WORK REQUEST:
Write out exactly the lines below starting at the one containing "Vista 2 de carrotez" and ending at the one containing "Valentino Garavani Rockstud". Omit every picture.

[Records from a collection]
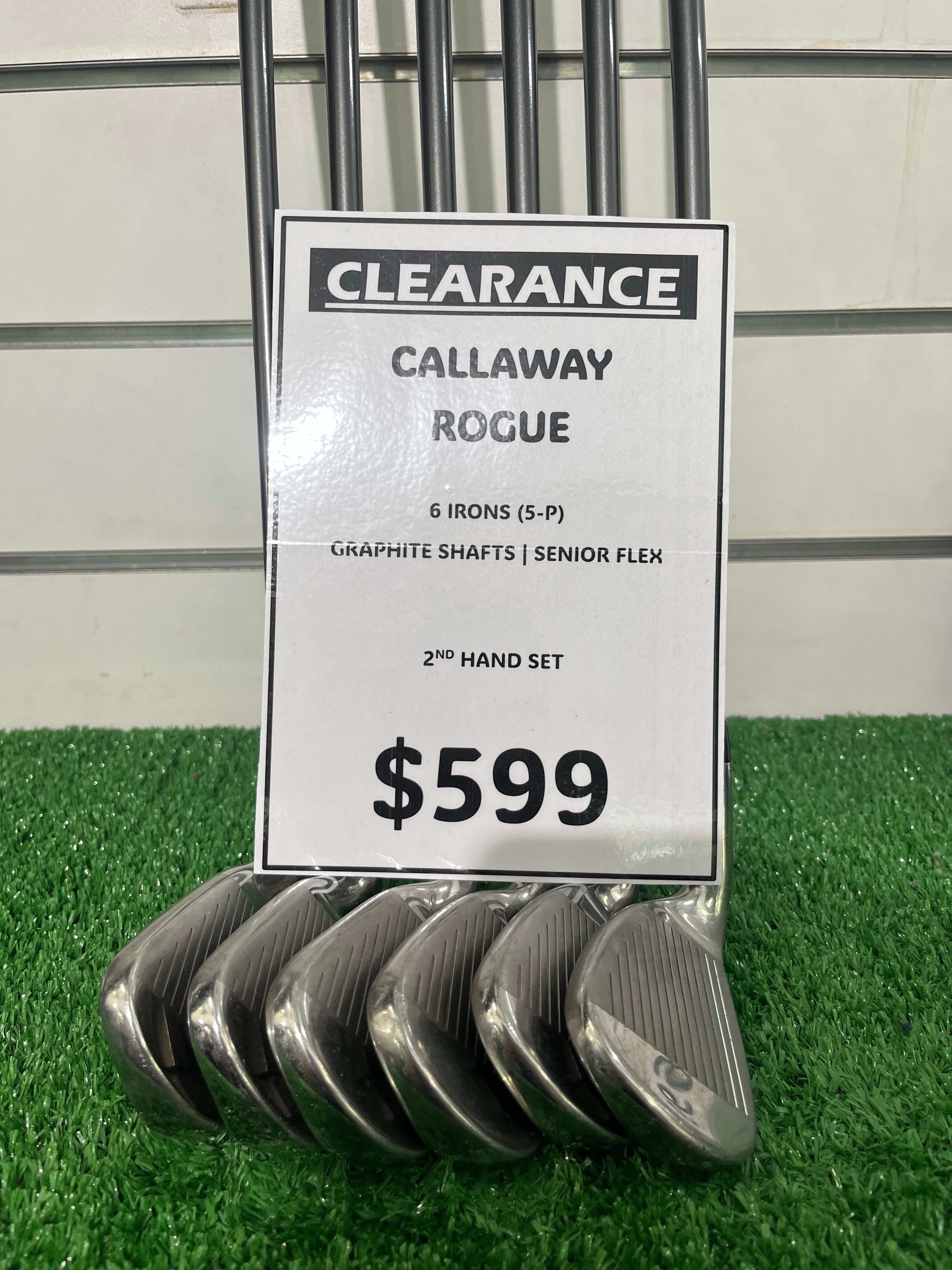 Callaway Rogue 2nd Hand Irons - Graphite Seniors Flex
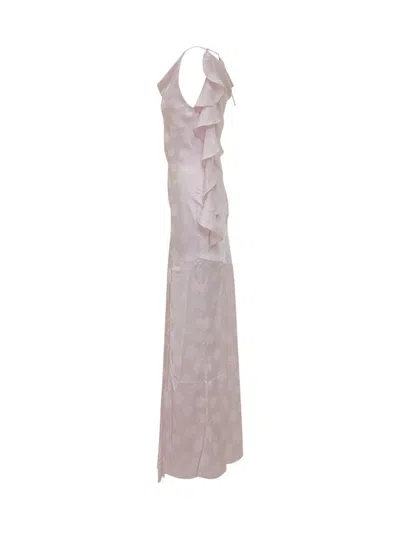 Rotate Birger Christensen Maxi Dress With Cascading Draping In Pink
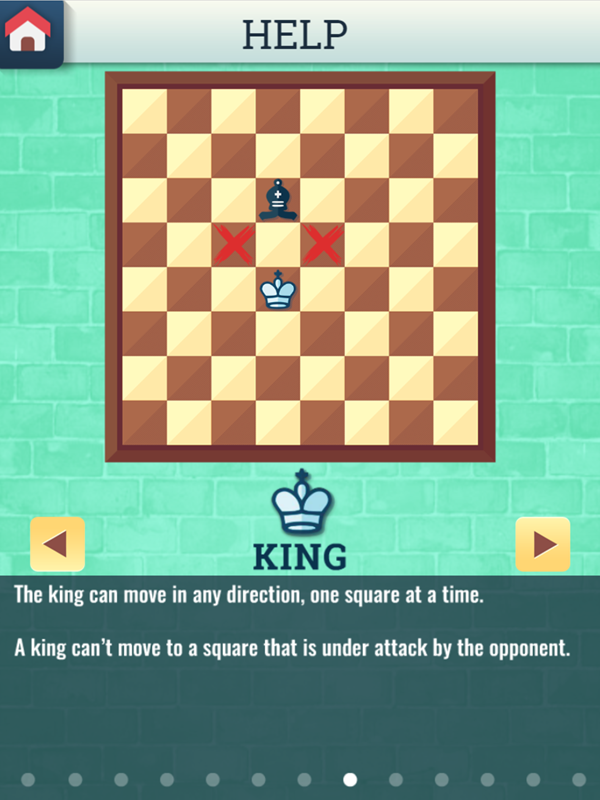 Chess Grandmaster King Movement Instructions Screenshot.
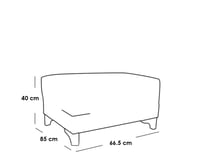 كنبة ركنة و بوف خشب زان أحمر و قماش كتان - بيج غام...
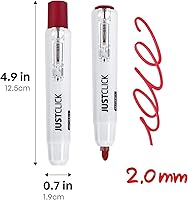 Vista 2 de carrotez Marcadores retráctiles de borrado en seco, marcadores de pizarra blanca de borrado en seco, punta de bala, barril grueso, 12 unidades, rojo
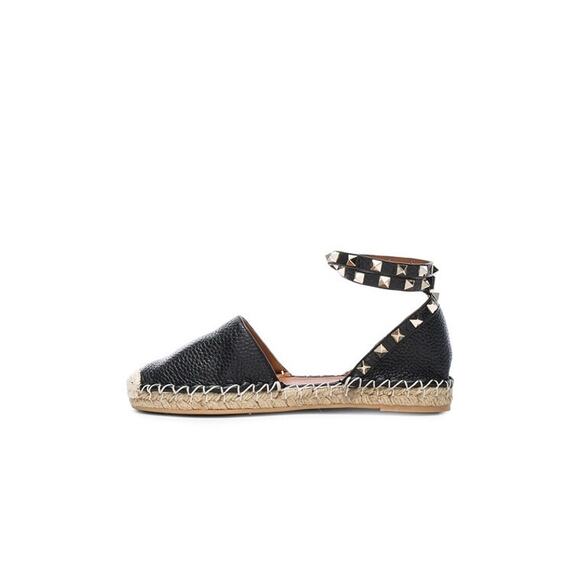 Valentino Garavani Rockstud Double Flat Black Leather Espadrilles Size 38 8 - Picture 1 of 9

---

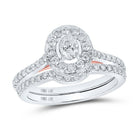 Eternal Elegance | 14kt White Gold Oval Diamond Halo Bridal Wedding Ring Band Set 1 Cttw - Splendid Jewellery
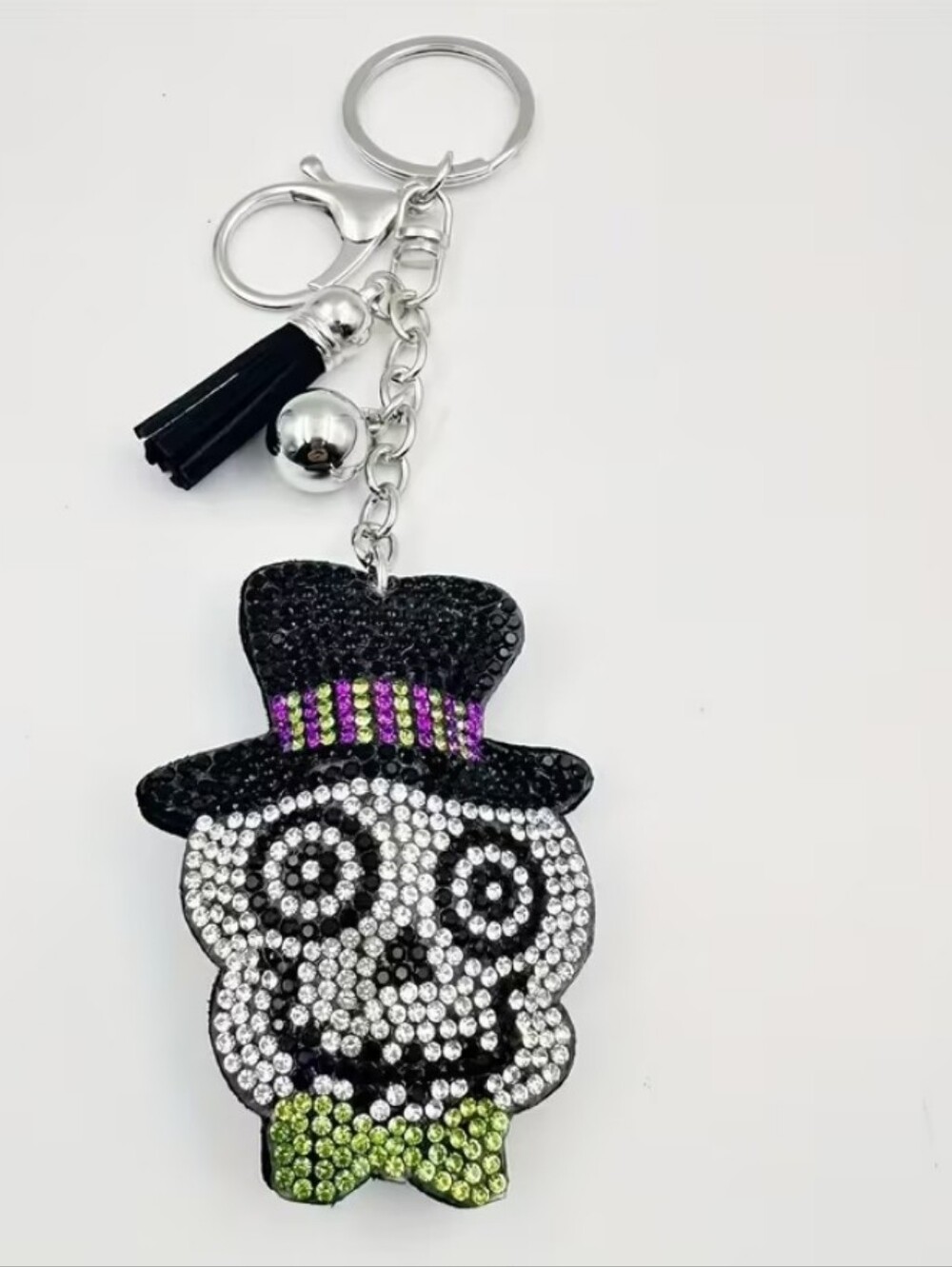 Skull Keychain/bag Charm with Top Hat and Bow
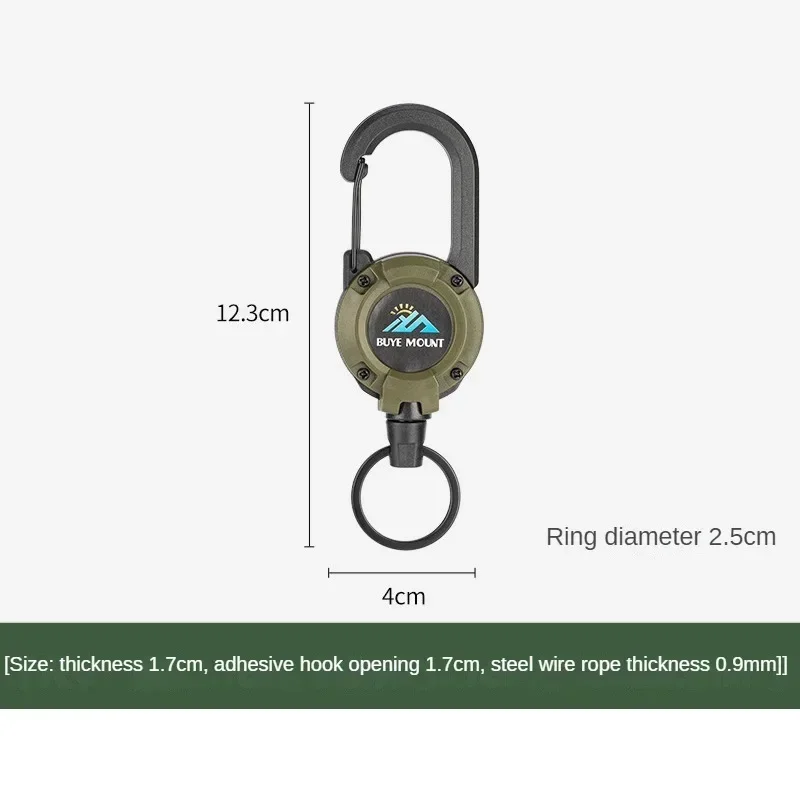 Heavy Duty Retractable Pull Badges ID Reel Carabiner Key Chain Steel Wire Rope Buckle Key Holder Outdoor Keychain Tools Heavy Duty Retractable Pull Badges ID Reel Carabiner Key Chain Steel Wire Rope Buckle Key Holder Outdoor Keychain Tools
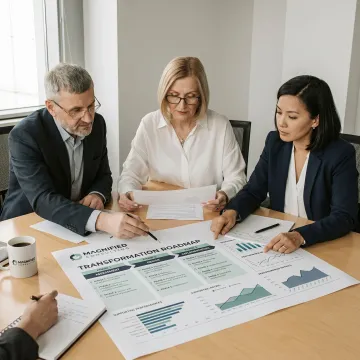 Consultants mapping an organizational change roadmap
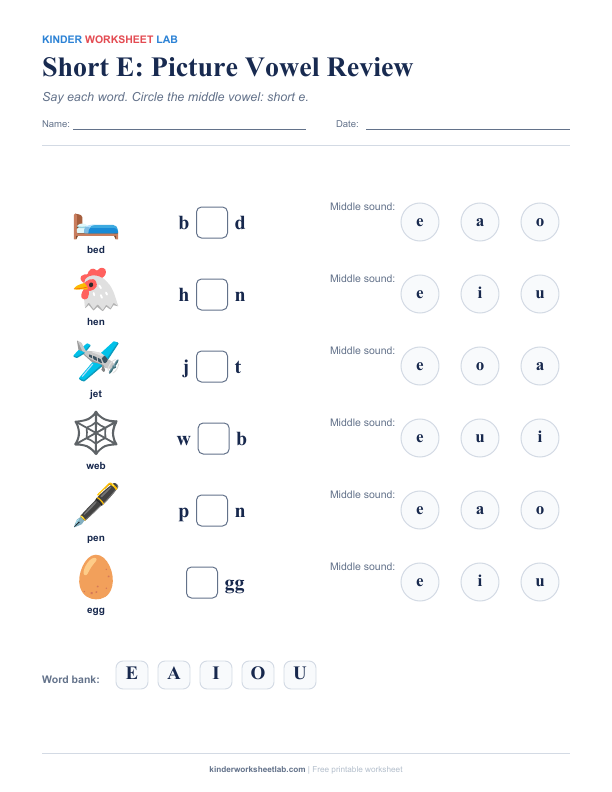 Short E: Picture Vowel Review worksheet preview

ANSWER SECTION:
 Vista 2 de carrotez Marcadores retráctiles de borrado en seco, marcadores de pizarra blanca de borrado en seco, punta de bala, barril grueso, 12 unidades, rojo
 Valentino Garavani Rockstud Double Flat Black Leather Espadrilles Size 38 8 - Picture 1 of 9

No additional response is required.